The use of remifentanil in ex utero intrapartum treatment procedures ()
1. INTRODUCTION
Ex utero intrapartum treatment (EXIT) procedures are effective means for evaluating and securing the fetal airway in prenatally identified head and neck anomalies. It involves obstetrics partially delivering the infant while maintaining uteroplacental circulation, so that the pediatric otolaryngologist can evaluate and secure a threatened airway. First described in 1992 for a fetus with obstructing epignathus [1], the EXIT procedure was refined during its use for the reversal of tracheal occlusion in patients with congenital diaphragmatic hernias [2,3].
Most centers use general anesthesia for both the mother and the fetus, relying on inhaled halogenated anesthetic agents for uterine relaxation. This potentially exposes the mother to the risks associated with general anesthesia, requires the mother to be asleep for the procedure, and can require two anesthesia teams with their associated costs.

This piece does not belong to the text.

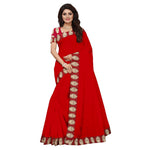 Chanderi Cotton Kalamkari  Bordered Saree With Kalamkari Blouse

Our series examines the surgical outcomes of EXIT procedures performed at Duke University Hospital using combined neuraxial regional anesthesia with remifentanil, thereby avoiding general inhalational anesthetics.
Remifentanil is currently the most suitable systemic opioid for obstetric use, providing adequate analgesia to the parturient and the neonate with the fewest adverse effects. It is an ultra-short acting µ-receptor agonist that crosses the placental barrier and is rapidly metabolized by the neonate with minimal accumulation [4].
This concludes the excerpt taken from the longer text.